Time [s]	Velocity of Inner Rotor [rpm]
0	0
10	2500
45	2500
50	0

and Figure 7. Furthermore, an external load ($T_{out}$) of 250 Nm was applied at the outer rotor.

The transmission error is obtained from the difference between the ideal (according to the nominal gear ratio) and the real position of the outer rotor, as obtained from Equations (16) and (17). The transmission error of the standard CMG and the HAL-CMG is compared for the performed case study. For reasons of clarity, only the envelope of the transmission error is presented in Figure 8.

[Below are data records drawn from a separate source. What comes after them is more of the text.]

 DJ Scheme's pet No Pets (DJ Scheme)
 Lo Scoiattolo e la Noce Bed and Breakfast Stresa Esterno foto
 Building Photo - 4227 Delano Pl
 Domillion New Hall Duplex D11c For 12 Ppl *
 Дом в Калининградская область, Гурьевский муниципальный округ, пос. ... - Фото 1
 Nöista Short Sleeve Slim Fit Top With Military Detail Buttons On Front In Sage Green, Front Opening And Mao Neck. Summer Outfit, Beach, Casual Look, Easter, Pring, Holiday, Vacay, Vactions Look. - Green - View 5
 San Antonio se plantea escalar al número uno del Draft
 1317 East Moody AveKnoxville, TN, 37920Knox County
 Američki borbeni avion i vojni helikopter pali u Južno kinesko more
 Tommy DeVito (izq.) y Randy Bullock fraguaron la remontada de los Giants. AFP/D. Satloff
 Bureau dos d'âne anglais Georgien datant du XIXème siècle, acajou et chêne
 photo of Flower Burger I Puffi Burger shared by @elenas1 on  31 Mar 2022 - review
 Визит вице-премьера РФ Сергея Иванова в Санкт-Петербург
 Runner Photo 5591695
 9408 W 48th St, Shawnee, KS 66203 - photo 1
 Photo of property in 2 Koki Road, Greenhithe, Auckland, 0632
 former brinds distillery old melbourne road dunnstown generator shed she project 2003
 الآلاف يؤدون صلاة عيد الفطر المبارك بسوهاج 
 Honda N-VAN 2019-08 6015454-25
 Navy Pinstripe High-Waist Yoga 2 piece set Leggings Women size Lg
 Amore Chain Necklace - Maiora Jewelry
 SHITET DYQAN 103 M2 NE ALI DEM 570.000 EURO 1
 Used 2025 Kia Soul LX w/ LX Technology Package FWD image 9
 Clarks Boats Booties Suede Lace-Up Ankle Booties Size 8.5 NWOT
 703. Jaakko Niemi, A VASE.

It can be observed that there is a significant decrease in the transmission error of the HAL-CMG in comparison to the standard CMG drive, as the maximum of the transmission error for the HAL-CMG is 13.5% lower, a result that can be attributed to the higher stall torque of the HAL-CMG. Overall, the HAL-CMG drive has higher torque density and superior dynamical response in comparison to the standard CMG drive, which is in accordance with other results in the literature [16,17,18,19].

4. Conclusions

In the present research, a novel analytical 2D model was developed for the calculation of the magnetic potential of HAL-CMGs for every angle of rotation, geometry configuration and magnet parameter. The applied torque in the two rotors was calculated analytically using the Maxwell Stress Tensor. The induced torques in the two rotors of the HAL-CMG were verified with FEA. A case study was performed for a standard CMG and an optimized HAL-CMG with the same geometrical and constitutive parameters of the PMs. The stall torque of the HAL-CMG was improved by 14.3%. In addition, the torque ripple with the use of Halbach arrays was slightly reduced compared to the standard CMG. Finally, a case study of transient operation was performed in order to investigate the dynamical response of the two types of CMG drives and determine the transmission error. The transmission error of the HAL-CMG was 13.5% lower than the standard CMG, a result that can be attributed to its higher stall torque. Therefore, from the performed case study, it can be observed that the HAL-CMG offers a significant increase in torque density, a better dynamical response and a reduction in the transmission error, which is in accordance with other results in the literature. The developed model could be a valuable design tool for the optimization and the dynamical response calculation of HAL-CMGs, since the applied torque in the two rotors can be calculated analytically, thus significantly reducing the computational cost. Furthermore, the torque ripple of the HAL-CMG due to the torque-contributing harmonics can be calculated analytically, a result that cannot immediately be obtained from FEA since a Fourier transform is required that would increase the computational cost and FEA simulations.